What strikes me as I stay in the same neighborhood for nine days is that I start to recognize some of the people. Beyond the predictable places like the restaurants and cafes where I’ve liked to hang out, I realize that what appeared to be a fairly transient neighborhood is only busy instead.
Language is my filter, and it’s through Kirill at the hotel and Anja and Albert at the stadium that I get as close to Moscow as I do; it’s their English that makes it possible.
Anja graciously appoints herself my host. Her snacks become mine, and every time a US athlete wins a medal she turns and says, “Congratulations!” On Friday and Saturday, when Russia has colossal medal hauls, I miss some congratulations in return and am kicking myself still.
When it’s time for their two-year-old daughter to leave early one day, Albert takes her home, not Anja.
Things have changed, indeed.
Later that day, when overenthusiastic guards try to keep Anja from joining her daughter, the guards get an earful. Anja is the only one I see break through the barricade without first having thrown a punch.
Communication is more than language and I duck into a neighborhood barbershop and sit for my intercultural haircut – something I’ve done in several countries now. Ludmilla, the barber of Moscow, does not know a word of English and I know as many of Russian. With a few gestures and lots of trust, I yield to her gentle instructions, and find my hair washed before her expert snipping as well as after.
I see my dental hygienist the day after I return. “Where did you get that haircut, Mark? It suits you perfectly. It makes you look younger.” Perhaps we could have stopped after two observations?
I return to an Azerbaijani restaurant where the owner’s English is far better than his menu’s. I want to find out what, exactly, is meant by “moving with yoghurt” as a stand-alone menu item.

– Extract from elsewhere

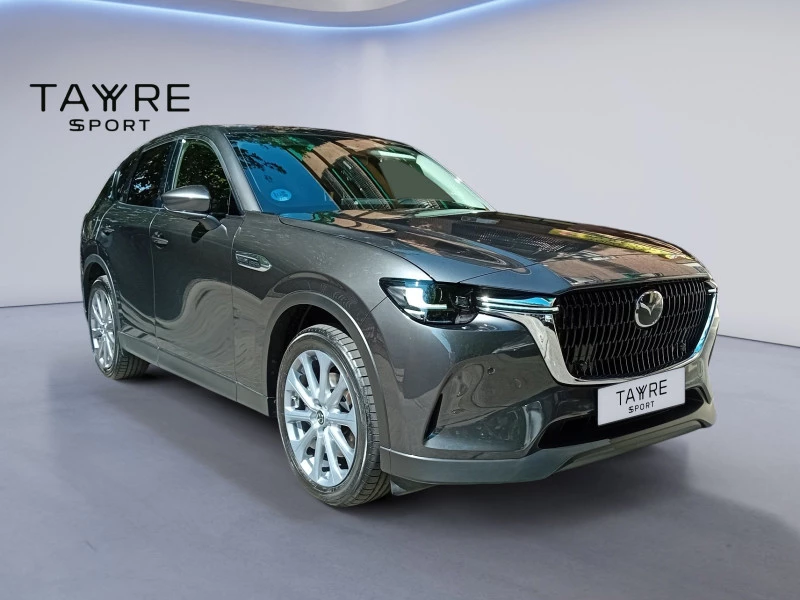Mazda CX-60 e-Skyactiv PHEV AWD Homura Mazda CX-60 e-Skyactiv PHEV AWD Homura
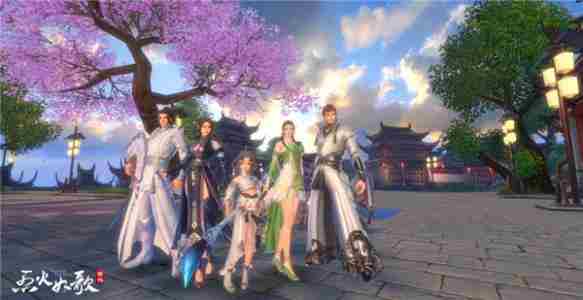 烈火如歌手游元宝怎么获得 烈火如歌元宝使用技能详解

Lamb proves to be the answer, though I note that the menu actually says “moving with a yoghurt,” and this leads to further contemplation of what, exactly, constitutes a single yoghurt – a whole new concept.
Vegetarian dolmas prove unusually chewy - a surprisingly musky taste for grains. I ask again.
Now I’ve had mutton.
So much for three years’ abstinence from red meat.
One evening on a subway platform a man recognizes my distress when I am hopelessly lost. He stops to get out his iPad and shows me my way to the stadium. Plans my route, actually, and does not let me go until he is sure I know the way.
“Downstairs and left,” he repeats, “downstairs and left.”
On my first night in Moscow I take a cab to Luzhniki Stadium. Never am I touched more than when the driver I’ve communicated with through writing and gestures returns late at night to pick me up.
When I tip him, he wants to know why.
I spend nine days shedding a receding memory of what Russia was like under Communist rule. Many times I begin to think I'm back in the USSR, but I'm not. Mikhail Gorbachev was General Secretary in 1986 and Vladimir Putin leads now - proof that change is not always progress.
Still, neither prevents me from finding Moscow; my comrades won't allow them to stand in our way.
* * *
On my last night, a man ahead of me on the Metro escalator is wearing
plaid shorts with argyle socks.
Guess I’m back in the USSR after all.